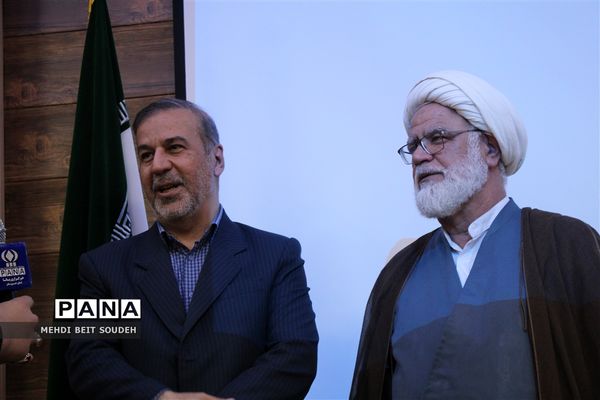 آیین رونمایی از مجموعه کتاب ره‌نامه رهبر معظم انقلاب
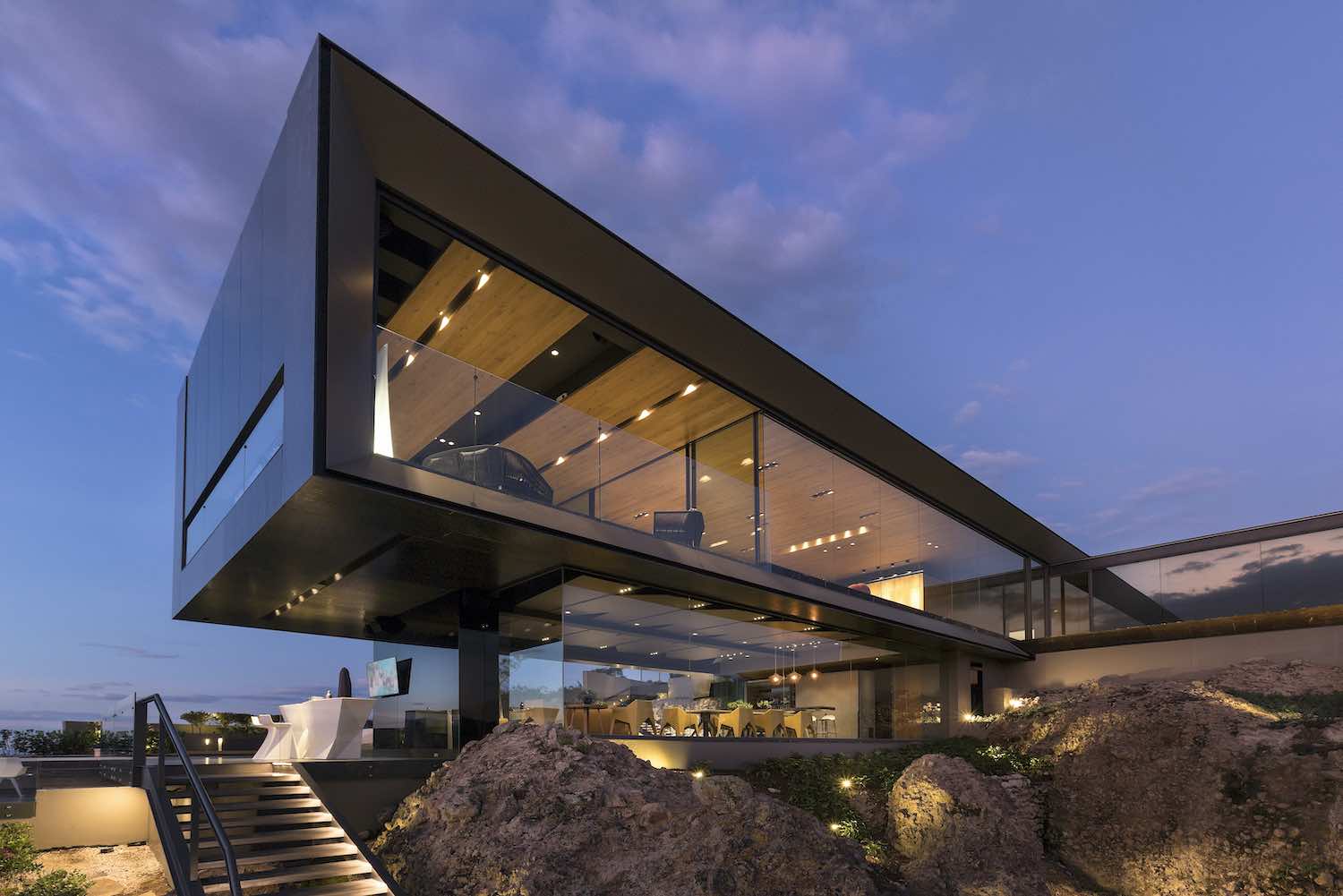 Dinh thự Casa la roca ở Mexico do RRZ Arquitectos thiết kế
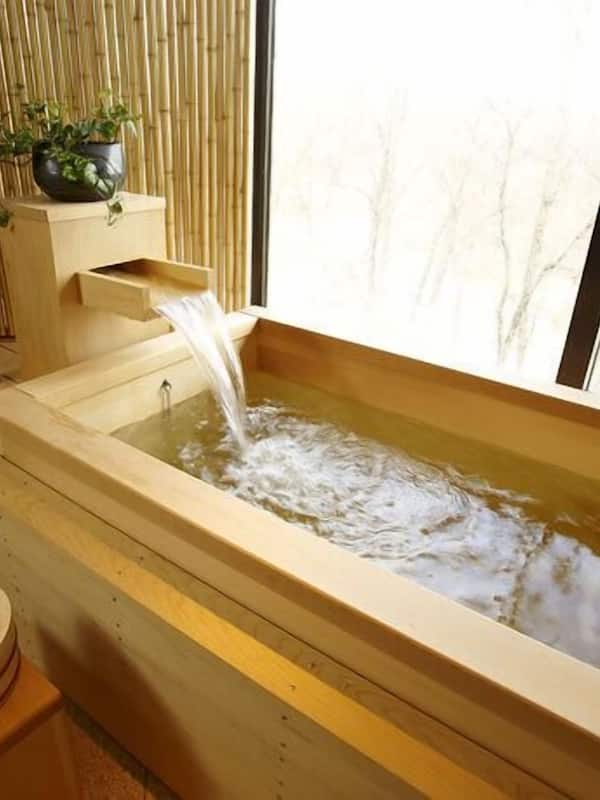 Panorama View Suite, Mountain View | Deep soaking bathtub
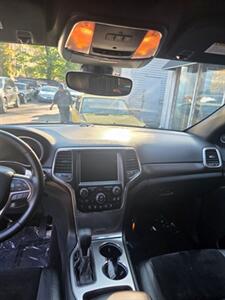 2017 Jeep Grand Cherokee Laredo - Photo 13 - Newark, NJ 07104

* [Activity]: Wherever an image appears in the data, omit it and repeat everything else exactly.

* [Answer to the exercise]:
 آیین رونمایی از مجموعه کتاب ره‌نامه رهبر معظم انقلاب
 Dinh thự Casa la roca ở Mexico do RRZ Arquitectos thiết kế
 Panorama View Suite, Mountain View | Deep soaking bathtub
 2017 Jeep Grand Cherokee Laredo - Photo 13 - Newark, NJ 07104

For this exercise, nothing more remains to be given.